*** Exercise material ***

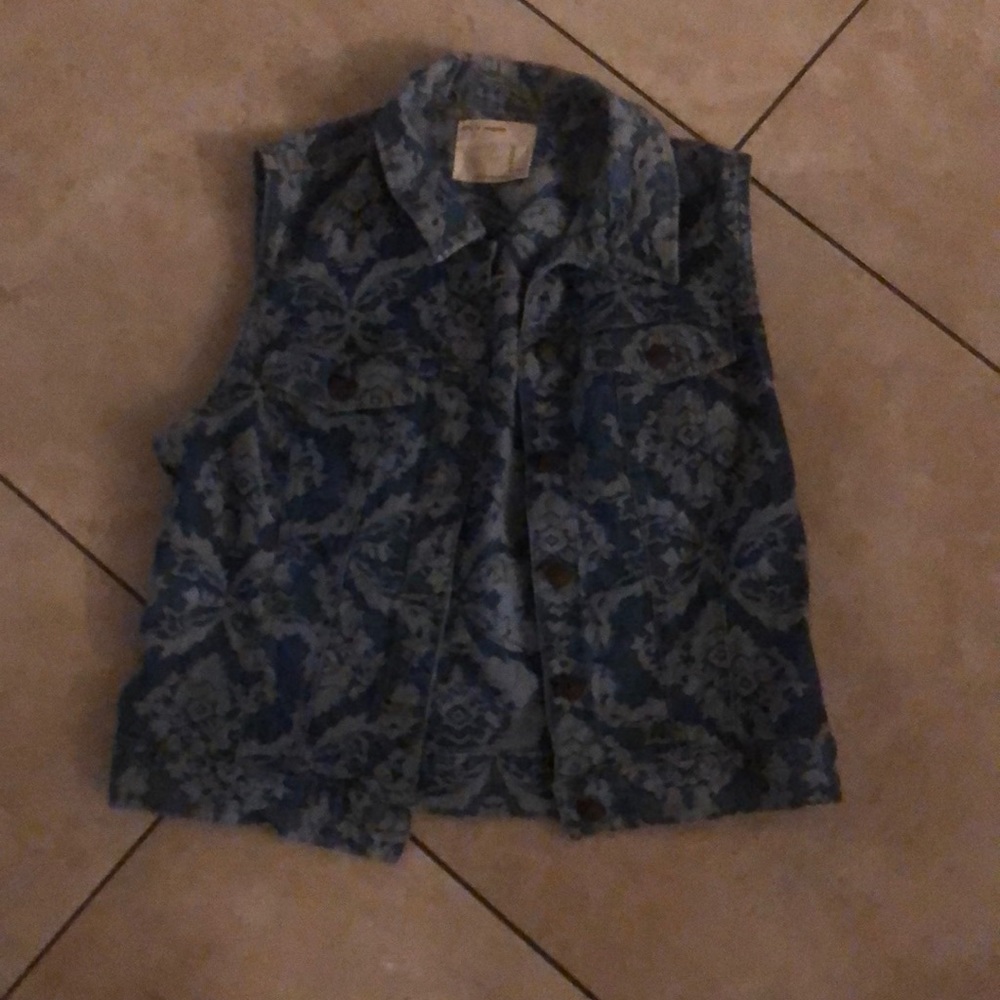 Life in progress denim sleeveless jacket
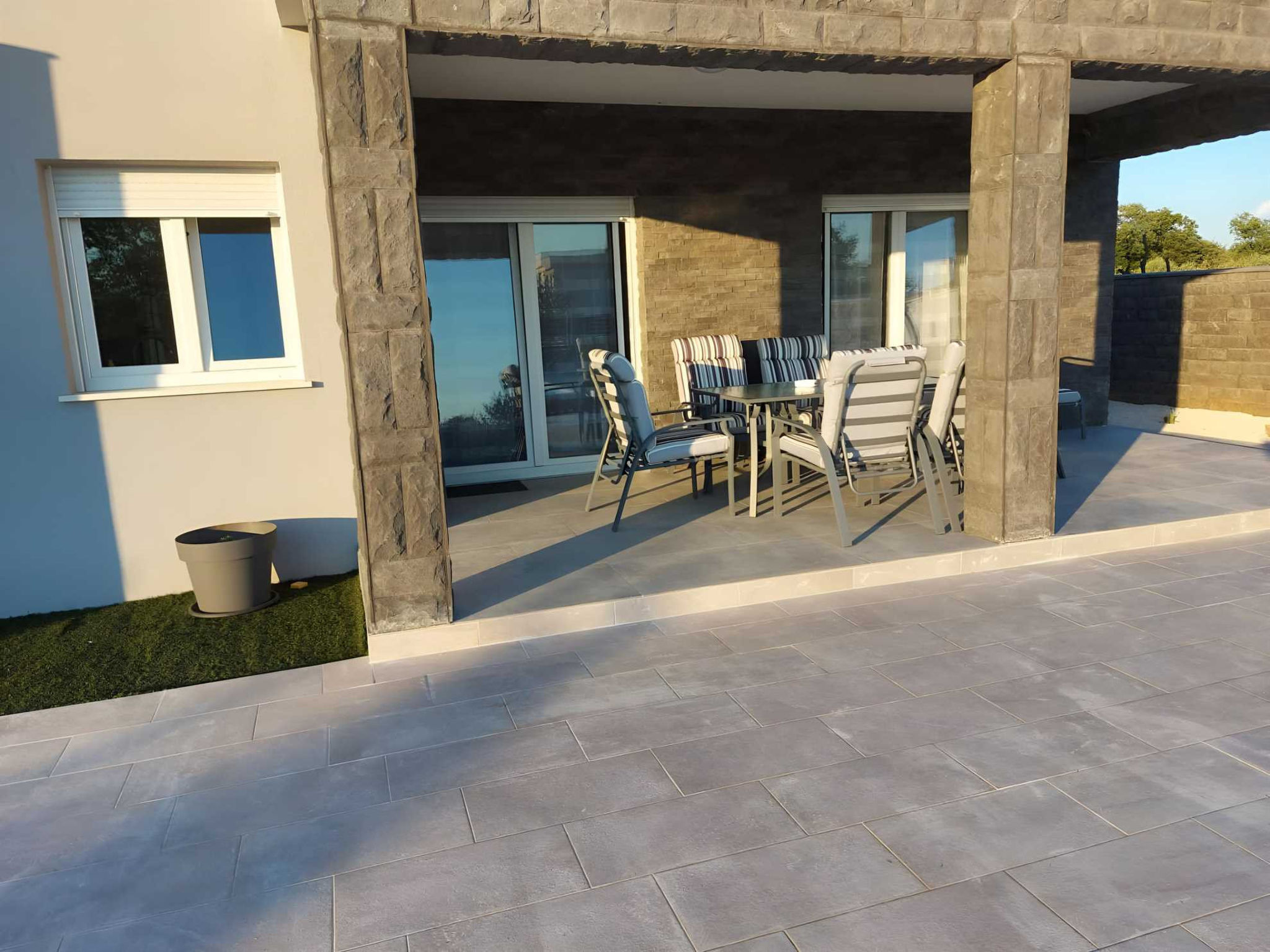  — Terrace (2 of 40)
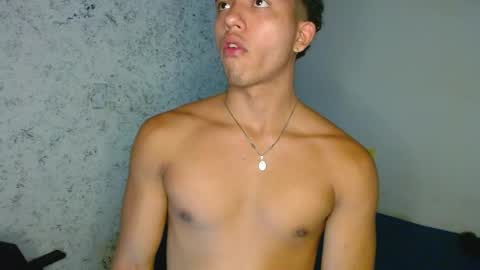 tonydesire_ online show from May 26, 7:42 pm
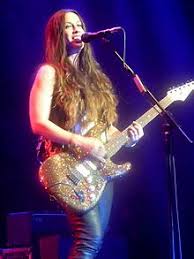 Biography Alanis Morissette Place2link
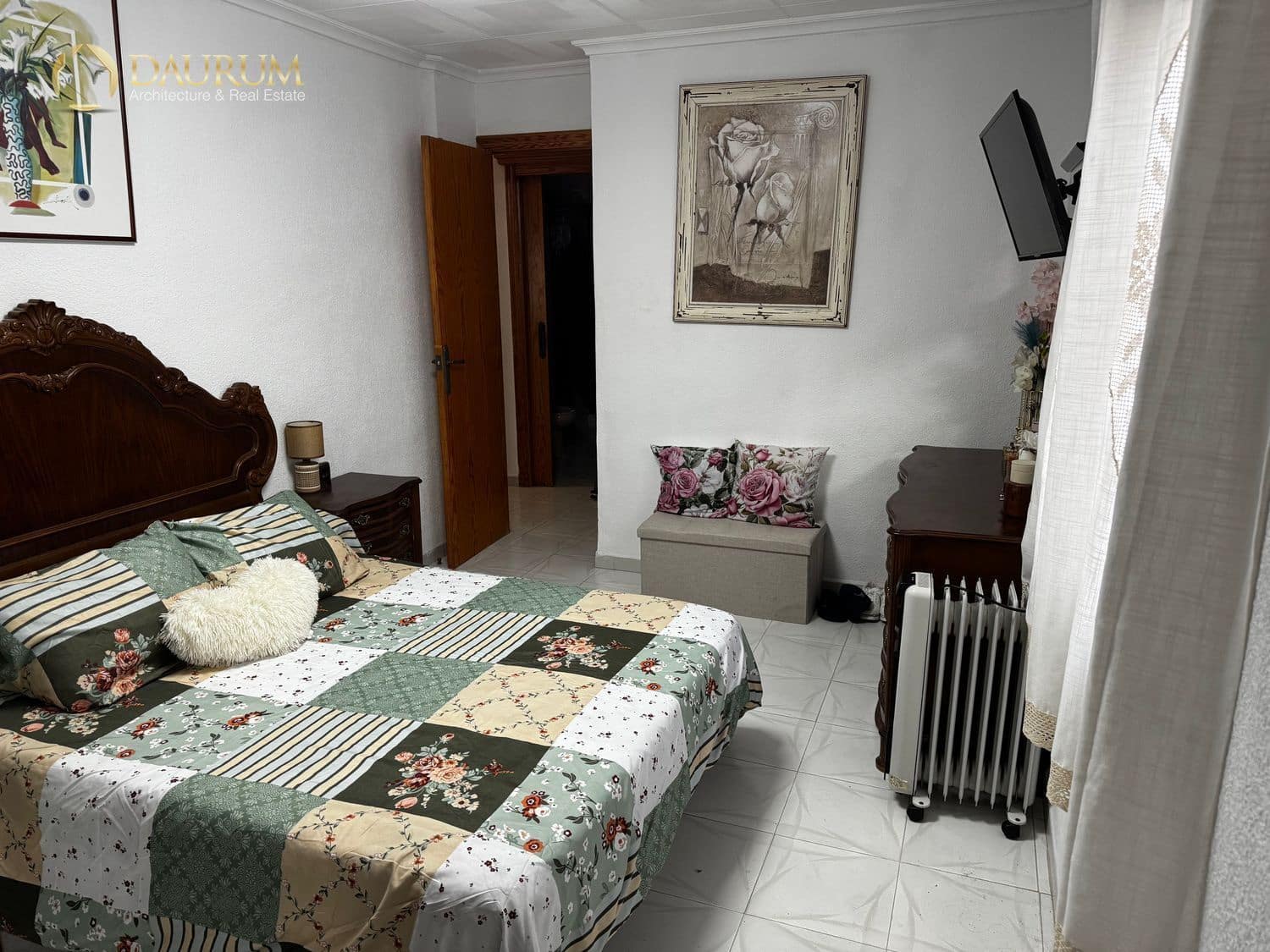 2 bedroom Flat for sale in Benidorm - € 175,000 (Ref: 9354057)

*** End of Exercise material ***

What you have to do -> An exact copy of the records above is needed, free of pictures.

Solution ->
 Life in progress denim sleeveless jacket
  — Terrace (2 of 40)
 tonydesire_ online show from May 26, 7:42 pm
 Biography Alanis Morissette Place2link
 2 bedroom Flat for sale in Benidorm - € 175,000 (Ref: 9354057)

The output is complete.